» Task:
Copy out the entries that follow exactly, leaving out the pictures.

##### Source material

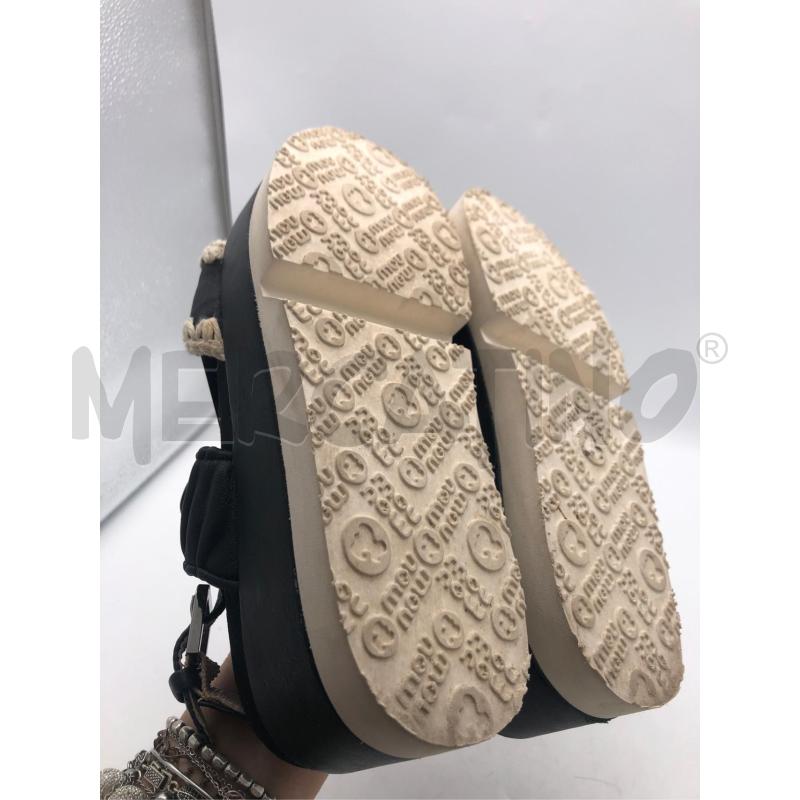SCARPE DONNA SANDALI MOU NERE  | Mercatino dell'Usato Avellino 3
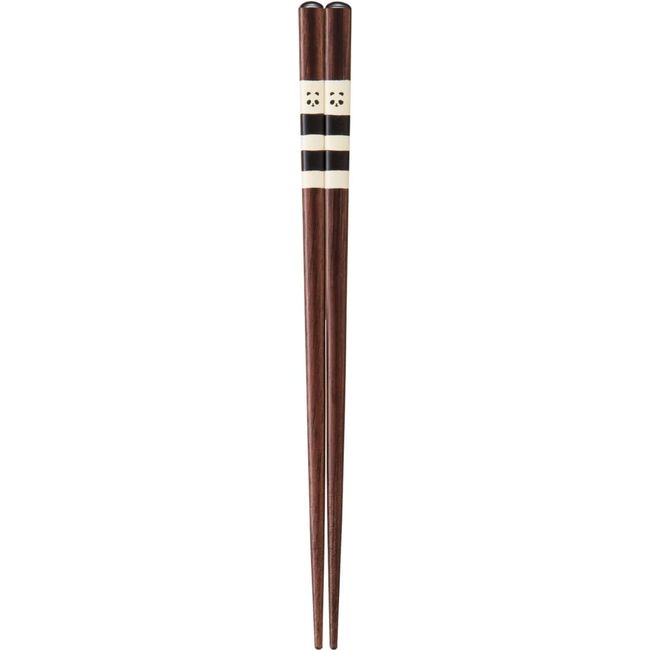 Nakano Chopsticks, Dishwasher Safe, Natural Wood, 7.1 inches (18 cm), Animal Border, Panda, Anti-Slip, Easy to Grab, Made in Japan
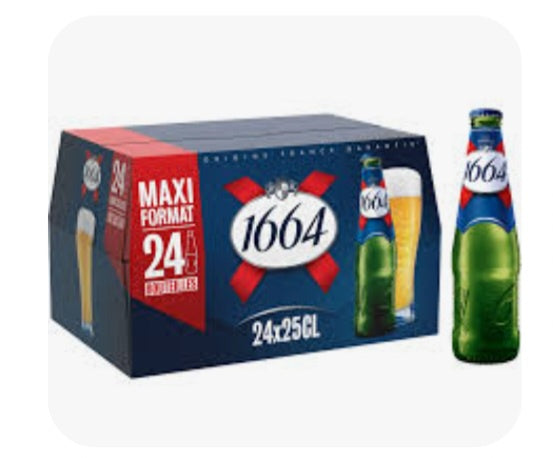 1664 Biere Blonde 24x25cl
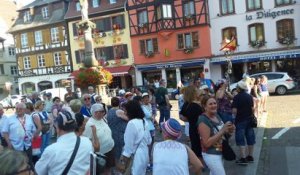 La fête à Obernai après France-Argentine, Coupe du monde 2018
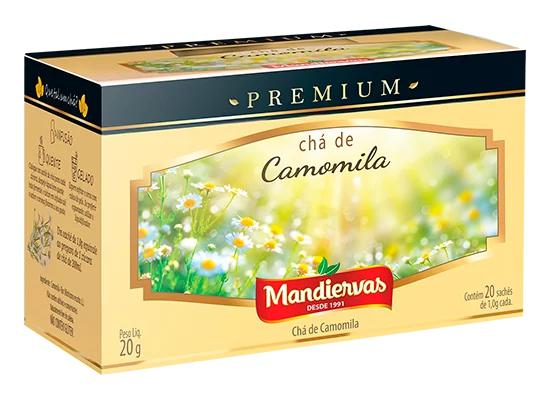 CHA PREMIUM CAMOMILA MANDIERVAS 20G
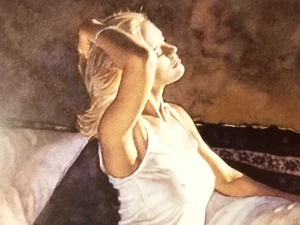 Steve Hanks " Seeking The Light  "  RARE CANVAS  # 114 / 125 (Mint) RARE - Picture 1 of 4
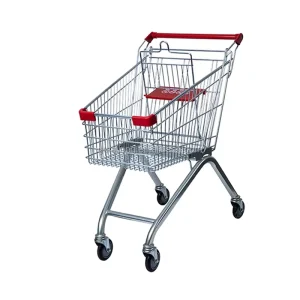 Portable Rolling Cart for Grocery Shopping Heavy Duty Shopping Trolley Supermarket Shopping Cart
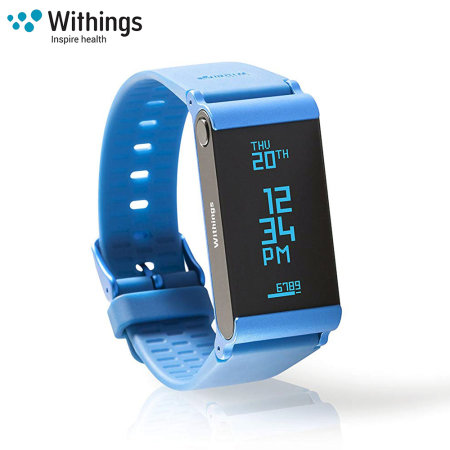 Withings Pulse Ox Activity Tracker for iOS & Android - Blue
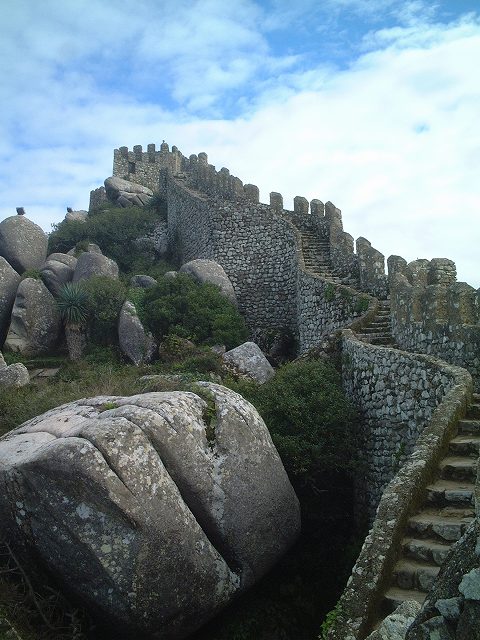 世界遺産・シントラ・ムーアの城跡の写真の写真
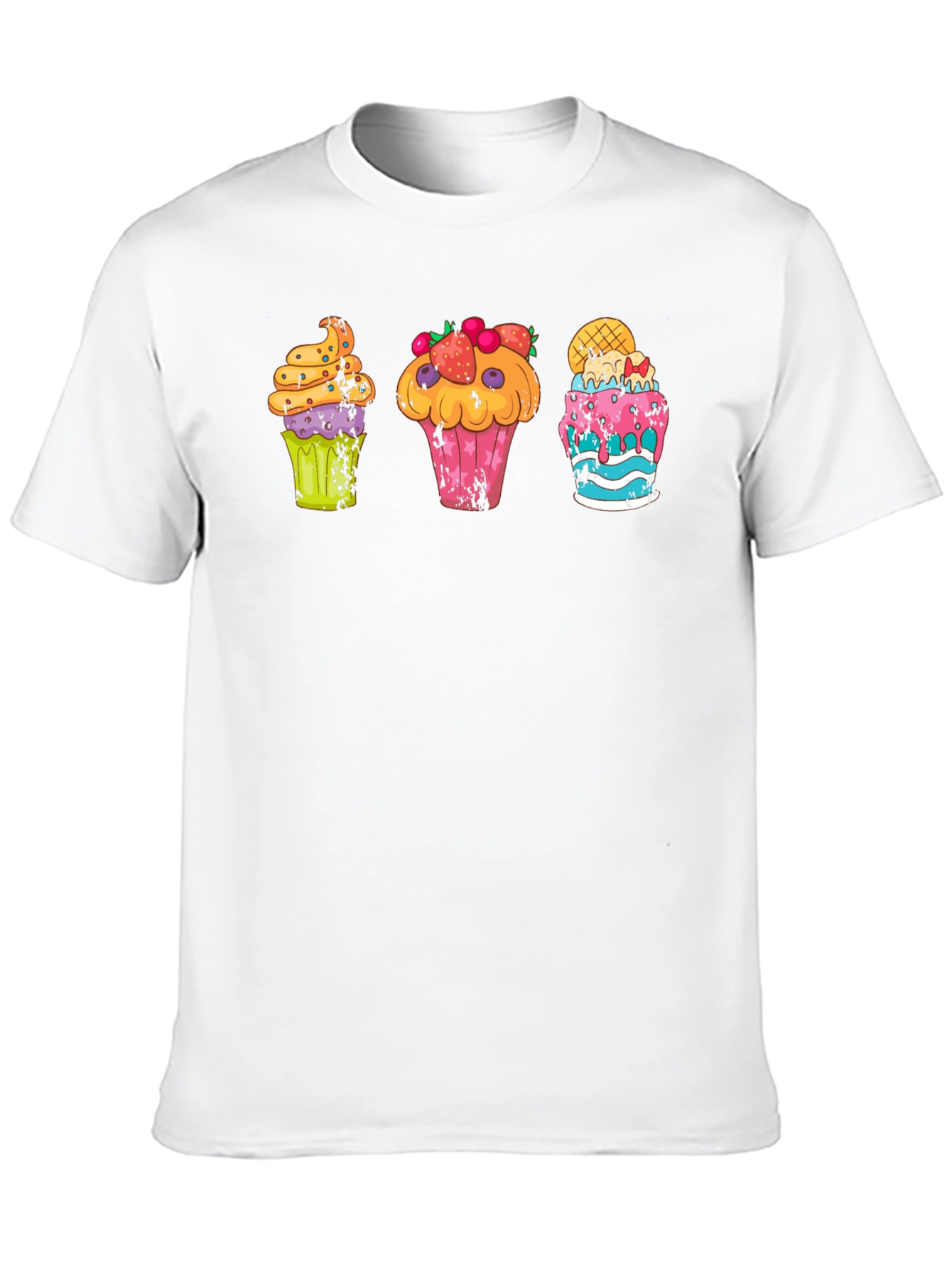 Black Fun Cupcake Graphic T-Shirt view 10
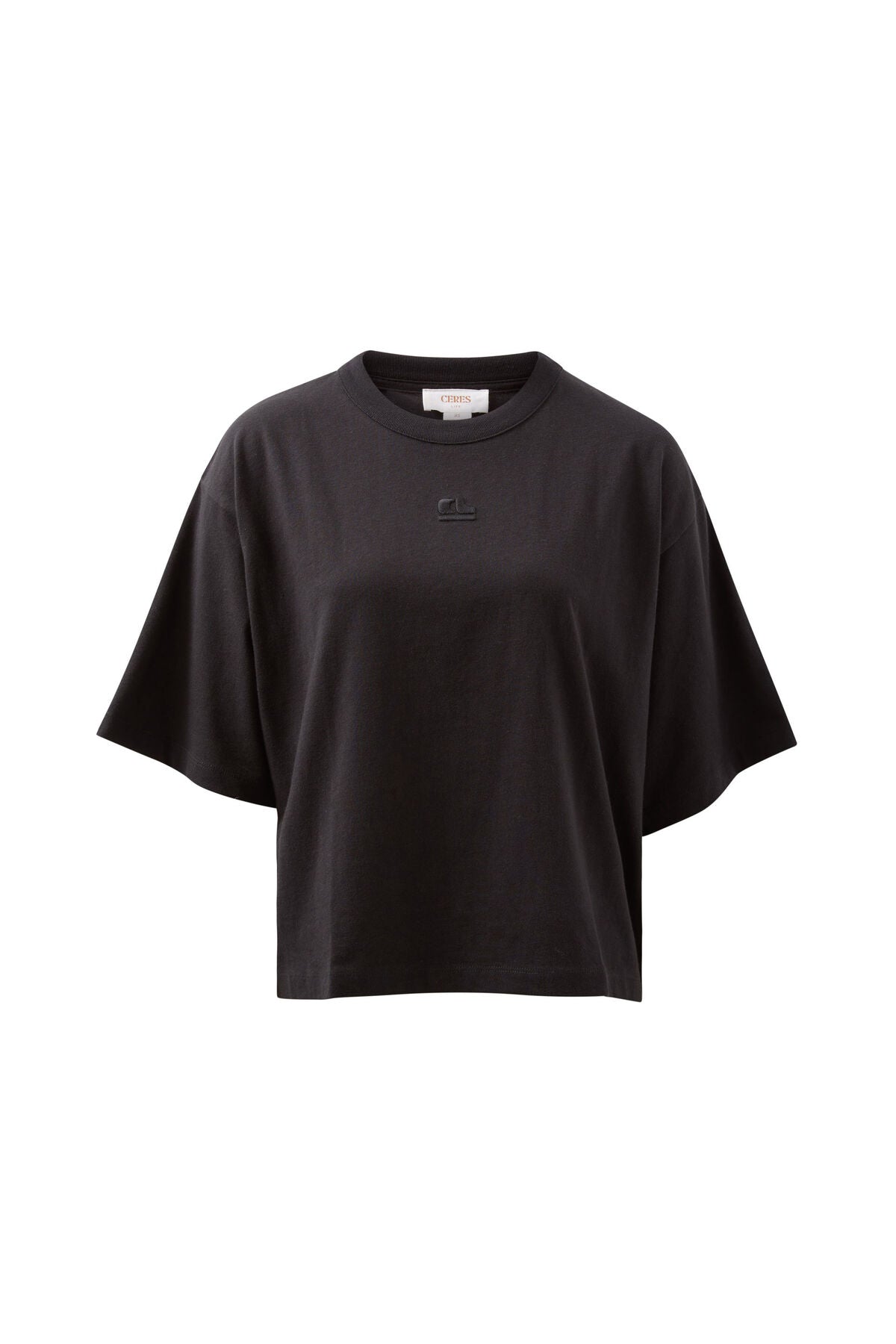 PHOEBE PREMIUM TEE/BLACK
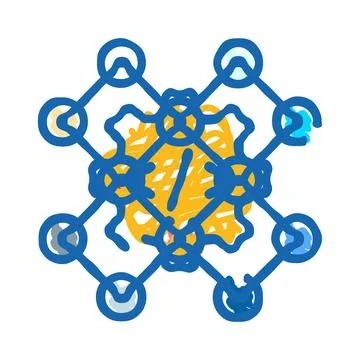 Abstract network connection over central data processing Stock Illustration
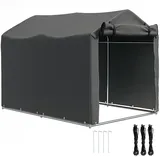 Outsunny Outsunny-Gerätezelt-220L x 157B x 165H cm-Dunkelgrau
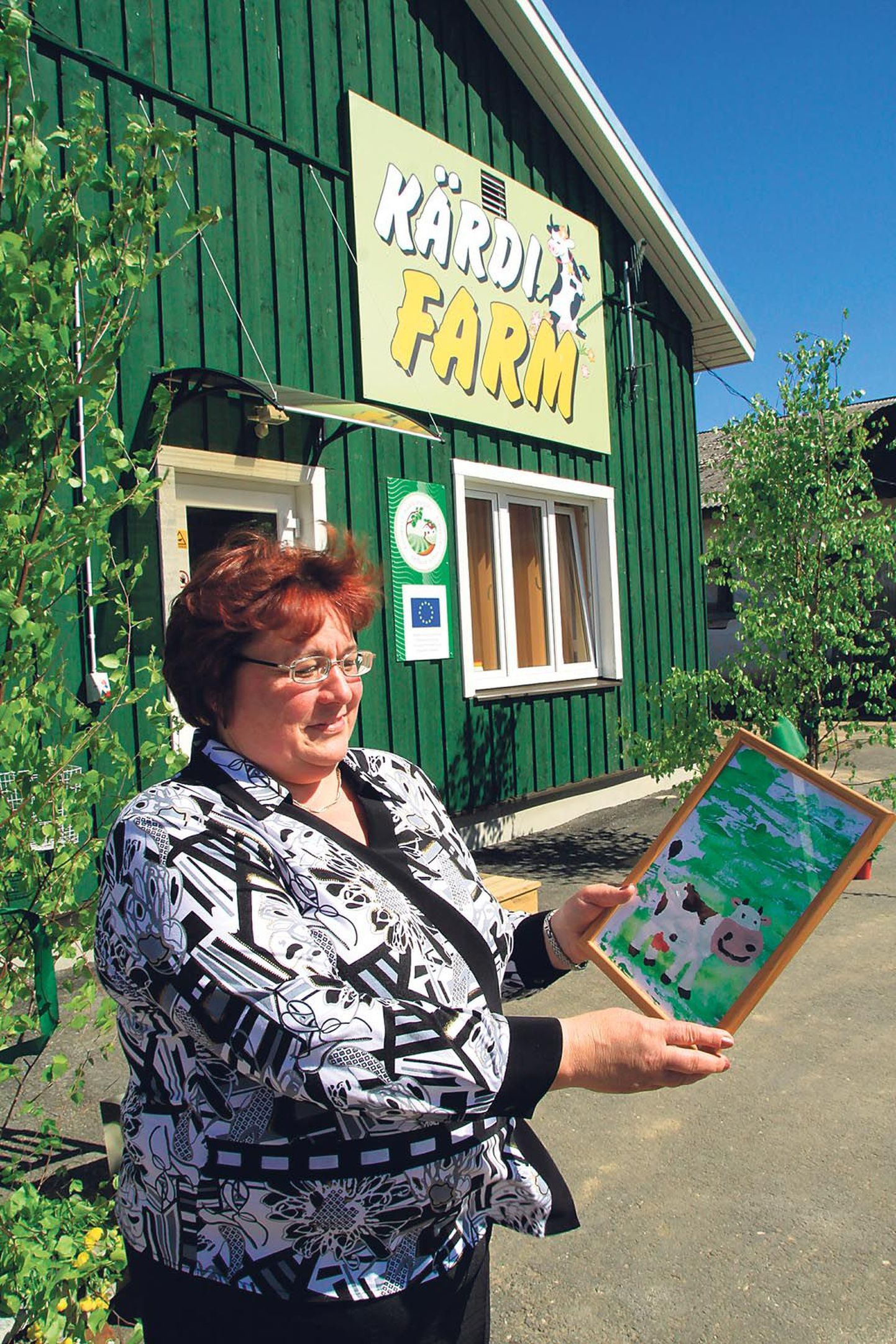 Osaühingut Kaisma juhatava Ingrid Sillaste südame tegi soojaks farmi avamisel Kergu lasteaialt-algkoolilt kingiks saadud lastejoonistus.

##########

» Reply:
SCARPE DONNA SANDALI MOU NERE  | Mercatino dell'Usato Avellino 3
 Nakano Chopsticks, Dishwasher Safe, Natural Wood, 7.1 inches (18 cm), Animal Border, Panda, Anti-Slip, Easy to Grab, Made in Japan
 1664 Biere Blonde 24x25cl
 La fête à Obernai après France-Argentine, Coupe du monde 2018
 CHA PREMIUM CAMOMILA MANDIERVAS 20G
 Steve Hanks " Seeking The Light  "  RARE CANVAS  # 114 / 125 (Mint) RARE - Picture 1 of 4
 Portable Rolling Cart for Grocery Shopping Heavy Duty Shopping Trolley Supermarket Shopping Cart
 Withings Pulse Ox Activity Tracker for iOS & Android - Blue
 世界遺産・シントラ・ムーアの城跡の写真の写真
 Black Fun Cupcake Graphic T-Shirt view 10
 PHOEBE PREMIUM TEE/BLACK
 Abstract network connection over central data processing Stock Illustration
 Outsunny Outsunny-Gerätezelt-220L x 157B x 165H cm-Dunkelgrau
 Osaühingut Kaisma juhatava Ingrid Sillaste südame tegi soojaks farmi avamisel Kergu lasteaialt-algkoolilt kingiks saadud lastejoonistus.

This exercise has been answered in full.